Actually when you ask me for benchmark the first time, the performance was terrible!
If we have a look at how operation Filter is implemented:
Filter operation
We find 3 files (this is basically the same for all the operations)
In the filter.go, my input is a reflection type and obviously I am required to do a validation in order to avoid an uncontrolled panic
I guess my validation function is smarter than other libraries, Why? Because of I cache some info
func (op *Filter) validate() (*filterInfo, *errors.Error) {
item := &filterInfo{}
fnType := reflect.TypeOf(op.Func)
if val := cache.get(op.ItemsType, fnType); val != nil {
return val, nil
//...... Validations for input
item.fnInputType = fnIn.Type()
cache.add(op.ItemsType, fnType, item)
return item, nil
}
By this "smart cache" I avoid to evaluate eternally the same things. I mean,
If my stream contains string's and the filter func looks like func(string)bool I only evaluate once
because the output will be always the same
The dispatcher.go has been generated. This has been generated from repository
koazee-gen
What do I achieve with this generated code? That my operation are applied over a function that will work with primitive values instead of doing it with reflection
For example,
func filterString(itemsValue reflect.Value, function interface{}) interface{} {
input := itemsValue.Interface().([]string)

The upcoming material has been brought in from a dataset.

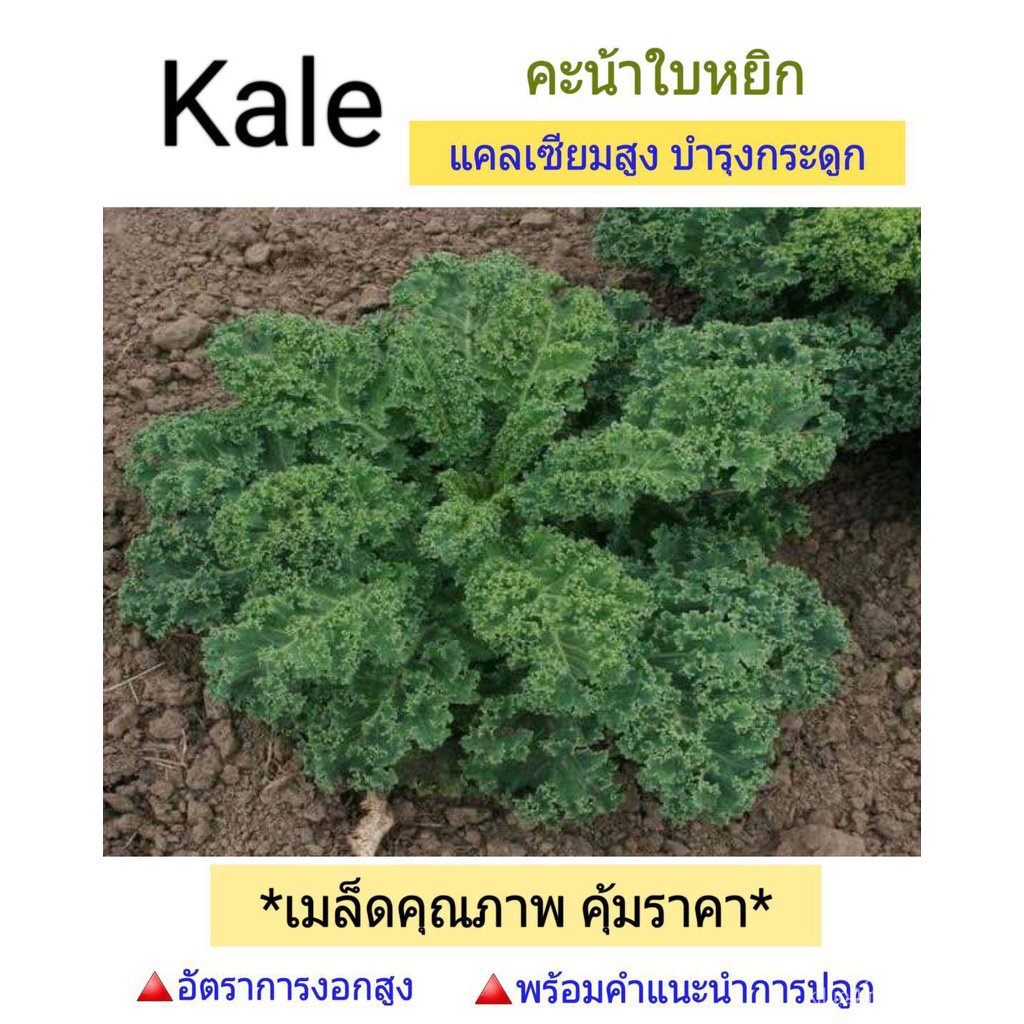 ผลิตภัณฑ์ใหม่-เมล็ดพันธุ์-เมล็ดพันธุ์คุณภาพสูงในสต็อกในประเทศไทย-พร้อมส่ง-ะให้ความสนใจของคุณเมล็ดอวบอ้วน-kale-ค-ดอก-pl2
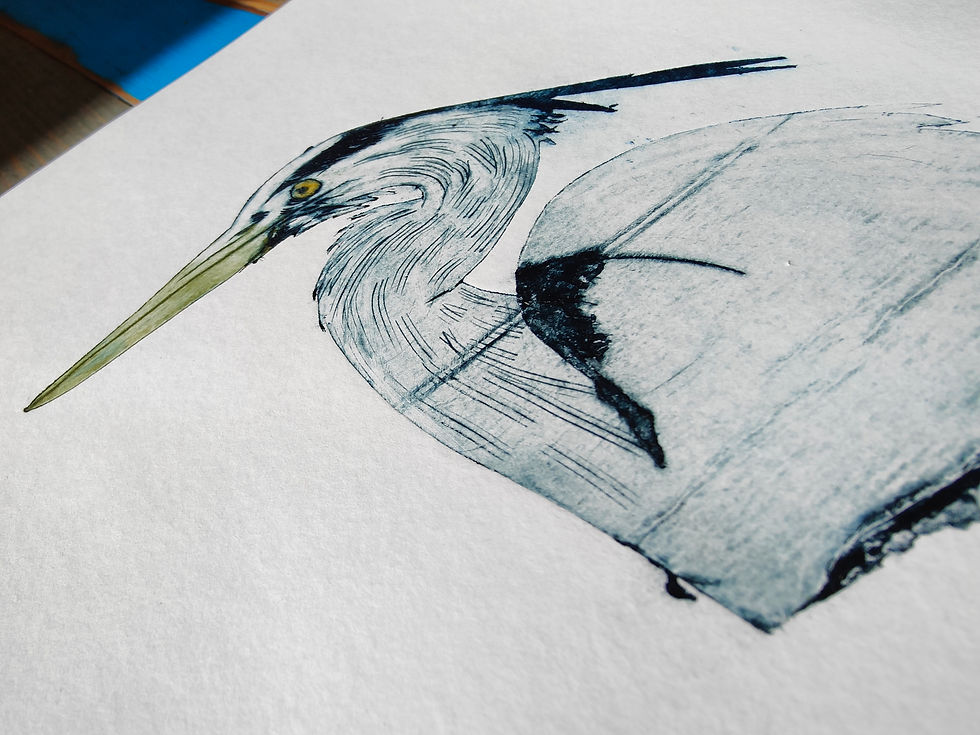 Thumbnail: Heron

output := make([]string, 0)
fn := function.(func(string) bool)
for i := 0; i < len(input); i++ {
if fn(input[i]) {
output = append(output, input[i])
}
}
return output
}
Since I have a function for any primitive type (or pointers too) the performance doesn't suffer the reflection cost
I've also put a lot of effort to find the best way to do any operation with the best performance.
For example, for reverse operation I could do
func reverseInt16Ptr(itemsValue reflect.Value) interface{}{
input := itemsValue.Interface().([]*int16)
len := len(input)
output := make([]*int16, len)
for index := 0; index < len(input); index++ {
output[index]= input[len-1-index]
}
return output
}
but my generated function looks like below
func reverseInt16Ptr(itemsValue reflect.Value) interface{}{
input := itemsValue.Interface().([]*int16)
len := len(input)
output := make([]*int16, len)
for index := 0; index < (len/2)+1; index++ {
output[index], output[len-1-index] = input[len-1-index], input[index]
}
return output
}
I think is the best approach. I reduce a half the time of elements to be evaluated
I am learning a lot of Go (and enjoying too) with all your requests and suggestions and to be honest is so valuable when you achieve good results.
On roadmap , I would like to publish a richer set of operations for v0.0.3 (I know my provided set of operations is poor) and for v0.0.4 find a way to improve the performance for complex structs (I got a idea..)